◆ Assignment:
Transcribe the records below word for word, leaving every picture out.

Image-caption web data:

Segment Open

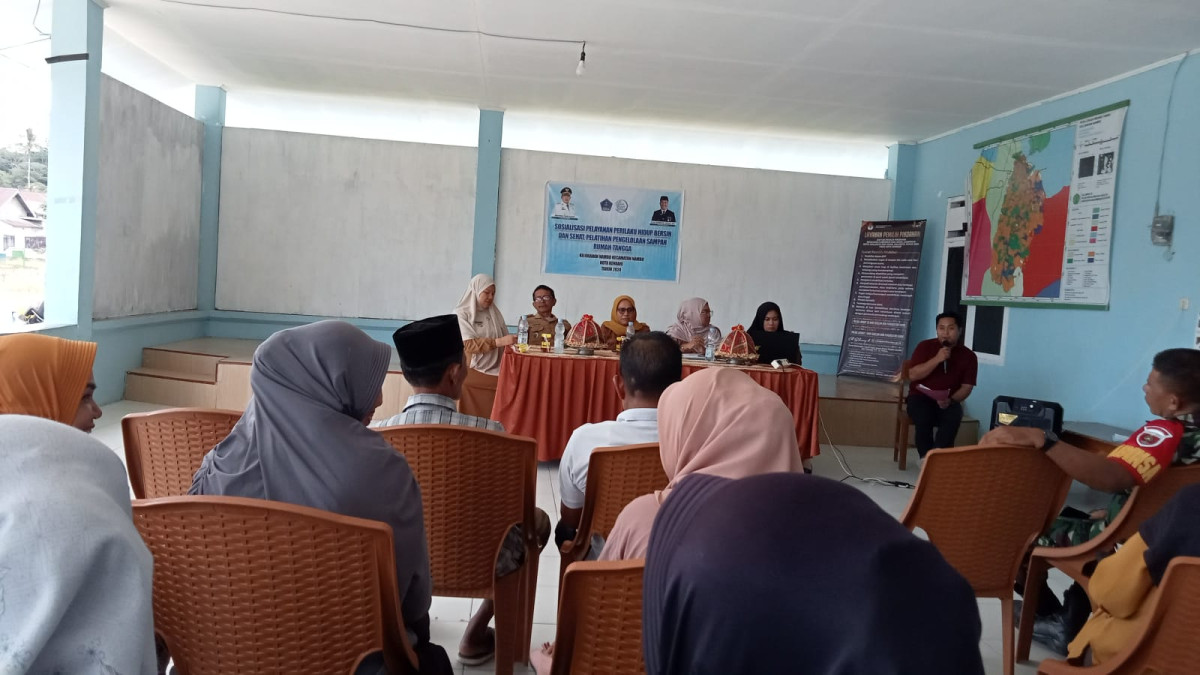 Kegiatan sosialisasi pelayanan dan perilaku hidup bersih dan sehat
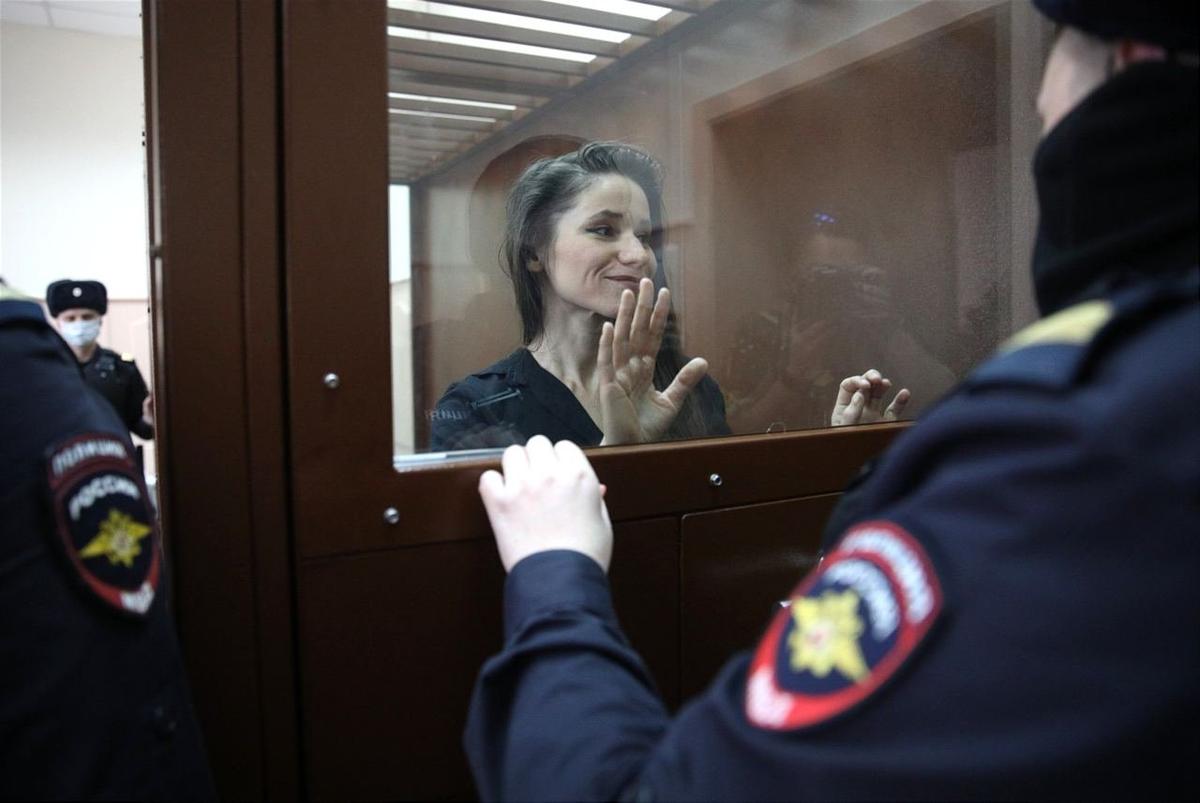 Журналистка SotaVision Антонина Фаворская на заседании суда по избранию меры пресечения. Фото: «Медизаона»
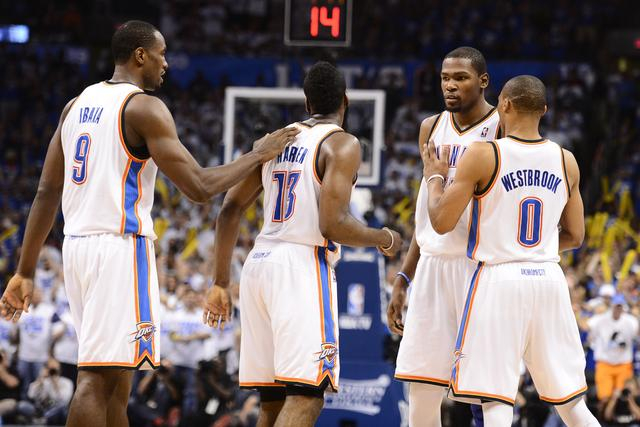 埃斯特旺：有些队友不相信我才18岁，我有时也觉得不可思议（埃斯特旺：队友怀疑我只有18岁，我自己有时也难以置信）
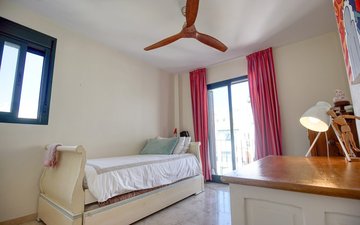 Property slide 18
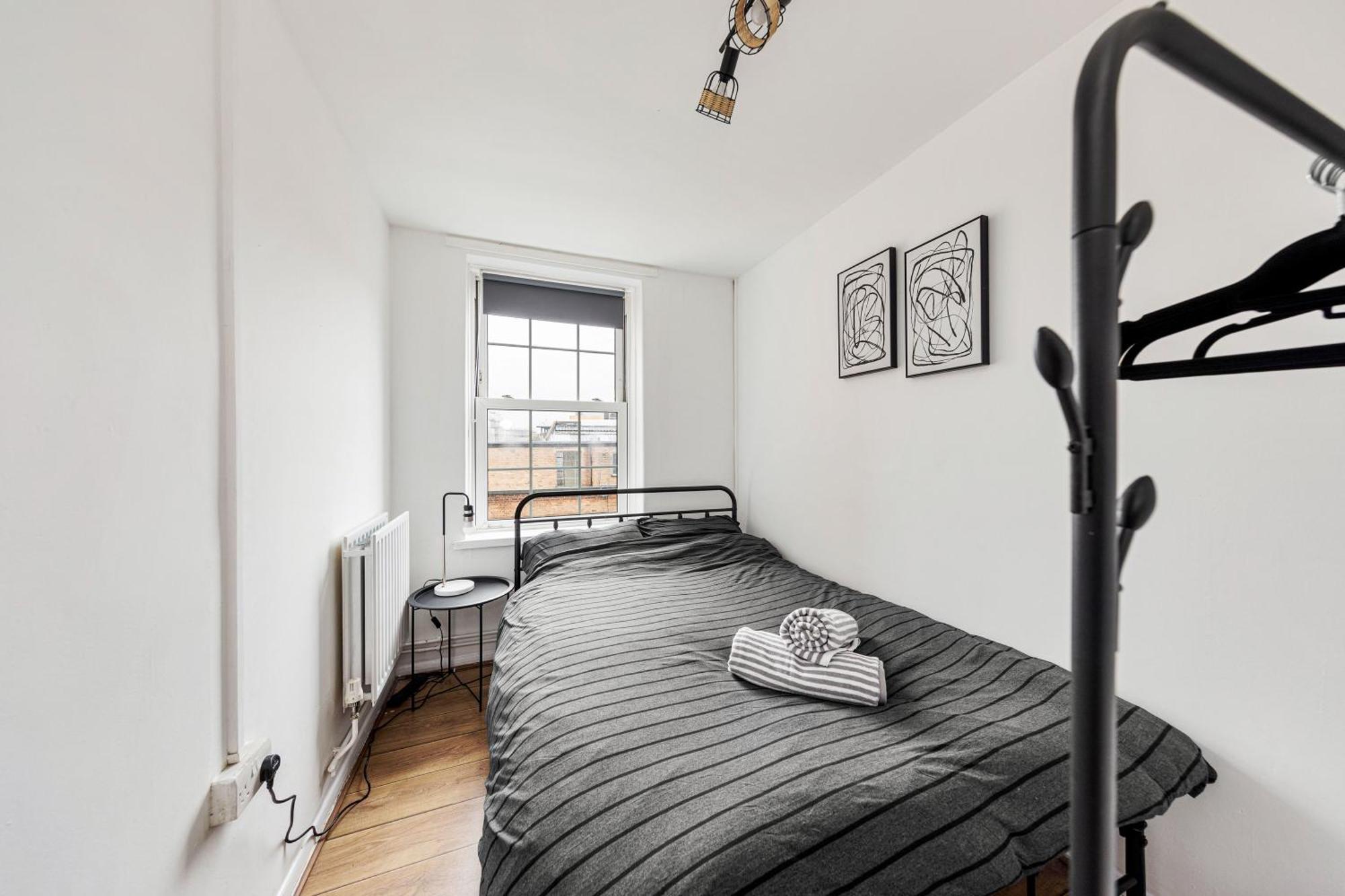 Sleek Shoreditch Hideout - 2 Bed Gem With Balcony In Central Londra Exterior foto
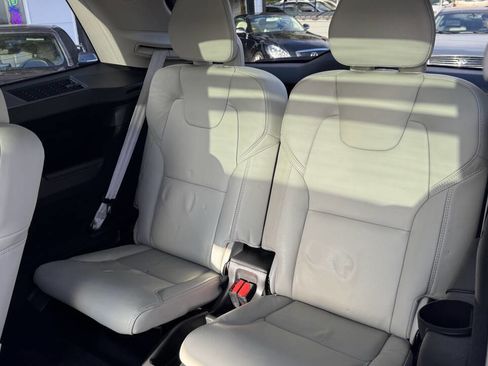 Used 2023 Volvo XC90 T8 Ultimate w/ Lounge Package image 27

Segment Closed

◆ Expected output:
 Kegiatan sosialisasi pelayanan dan perilaku hidup bersih dan sehat
 Журналистка SotaVision Антонина Фаворская на заседании суда по избранию меры пресечения. Фото: «Медизаона»
 埃斯特旺：有些队友不相信我才18岁，我有时也觉得不可思议（埃斯特旺：队友怀疑我只有18岁，我自己有时也难以置信）
 Property slide 18
 Sleek Shoreditch Hideout - 2 Bed Gem With Balcony In Central Londra Exterior foto
 Used 2023 Volvo XC90 T8 Ultimate w/ Lounge Package image 27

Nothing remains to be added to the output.